Comment 7: line 110, “effectiveness” should be “efficacy”

Response 7: Corrected.

Comment 8: line 175, “plague” should be “Y. pestis pathogenesis”

Response 8: I cannot agree with our reviewer.

The word "pathogenesis" means the development of a disease, while "pathogenicity" means the property of causing a disease. Thus, the correct phrases are plague pathogenesis and Y. pestis pathogenicity.

Comment 9: lines190-193, the description is not accurate. Nanoparticle plague vaccines seem to show good immunogenicity.

Response 9: The text on these lines refers not so much to nanoparticle vaccines as to all low-component vaccines. I have modified the sentence. «However, according to a number of researchers, they have no or limited innate defense triggers and do not guarantee the formation of a good immune memory».

Comment 10: line 312, “high vaccine protectivity” should be “high vaccine protective efficacy”

Response 10: Corrected.

Comment 11: lines353-362, no descriptions abut live plague vaccines which are main points in this review.

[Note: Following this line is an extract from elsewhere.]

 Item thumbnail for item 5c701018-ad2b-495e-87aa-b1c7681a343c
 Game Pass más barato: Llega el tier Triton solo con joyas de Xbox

Response 11: Here we are writing about antigens common to the both live and inactivated plague vaccines.

Comment 12: line 435, “smaller” should be “less”.

Response 12: Corrected.

Comment 13: English editing is still required to improve clarity. 

Response 13: As recommended by the Reviewer, the English has been additionally checked for clarity and several corrections have been made.